Content starts

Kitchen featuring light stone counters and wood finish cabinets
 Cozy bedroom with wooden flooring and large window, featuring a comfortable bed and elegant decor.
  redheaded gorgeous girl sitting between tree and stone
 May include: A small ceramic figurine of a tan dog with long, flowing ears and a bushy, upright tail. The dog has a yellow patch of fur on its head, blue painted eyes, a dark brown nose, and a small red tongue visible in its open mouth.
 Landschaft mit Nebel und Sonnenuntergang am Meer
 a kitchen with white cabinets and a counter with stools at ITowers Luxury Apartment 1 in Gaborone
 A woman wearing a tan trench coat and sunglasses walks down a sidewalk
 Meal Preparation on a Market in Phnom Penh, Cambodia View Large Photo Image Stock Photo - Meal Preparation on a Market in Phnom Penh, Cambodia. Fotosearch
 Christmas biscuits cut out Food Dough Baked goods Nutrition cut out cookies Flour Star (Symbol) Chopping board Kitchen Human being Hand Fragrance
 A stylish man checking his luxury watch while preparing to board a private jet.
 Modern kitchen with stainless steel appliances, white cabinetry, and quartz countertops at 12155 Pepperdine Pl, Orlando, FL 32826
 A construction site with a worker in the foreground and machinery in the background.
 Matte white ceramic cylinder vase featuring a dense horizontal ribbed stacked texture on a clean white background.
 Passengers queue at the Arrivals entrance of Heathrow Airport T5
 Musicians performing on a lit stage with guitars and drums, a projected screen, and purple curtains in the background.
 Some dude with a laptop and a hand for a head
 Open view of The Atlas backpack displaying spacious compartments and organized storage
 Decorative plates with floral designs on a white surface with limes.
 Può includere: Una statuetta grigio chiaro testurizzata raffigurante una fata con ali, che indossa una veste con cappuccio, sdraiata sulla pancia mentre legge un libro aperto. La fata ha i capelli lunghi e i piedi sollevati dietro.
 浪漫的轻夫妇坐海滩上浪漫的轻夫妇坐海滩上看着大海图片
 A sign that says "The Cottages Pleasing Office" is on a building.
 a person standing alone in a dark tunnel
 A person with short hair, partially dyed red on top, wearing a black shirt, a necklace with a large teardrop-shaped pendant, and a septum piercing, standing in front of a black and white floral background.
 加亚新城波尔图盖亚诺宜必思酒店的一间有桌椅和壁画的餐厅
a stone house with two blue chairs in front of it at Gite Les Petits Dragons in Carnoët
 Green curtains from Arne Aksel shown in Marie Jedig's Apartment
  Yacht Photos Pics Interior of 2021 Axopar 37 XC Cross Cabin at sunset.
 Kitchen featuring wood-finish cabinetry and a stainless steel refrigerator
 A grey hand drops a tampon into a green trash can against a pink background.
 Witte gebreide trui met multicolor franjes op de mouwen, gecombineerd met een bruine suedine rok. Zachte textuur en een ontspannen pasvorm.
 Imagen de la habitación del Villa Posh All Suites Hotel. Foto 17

Content ends

### What needs to be done
Above are some lines. Repeat exactly, and only, those from the line that has "Meal Preparation on a Market in Phnom Penh, Cambodia View" through the line that has "A construction site".

### Completed exercise
 Meal Preparation on a Market in Phnom Penh, Cambodia View Large Photo Image Stock Photo - Meal Preparation on a Market in Phnom Penh, Cambodia. Fotosearch
 Christmas biscuits cut out Food Dough Baked goods Nutrition cut out cookies Flour Star (Symbol) Chopping board Kitchen Human being Hand Fragrance
 A stylish man checking his luxury watch while preparing to board a private jet.
 Modern kitchen with stainless steel appliances, white cabinetry, and quartz countertops at 12155 Pepperdine Pl, Orlando, FL 32826
 A construction site with a worker in the foreground and machinery in the background.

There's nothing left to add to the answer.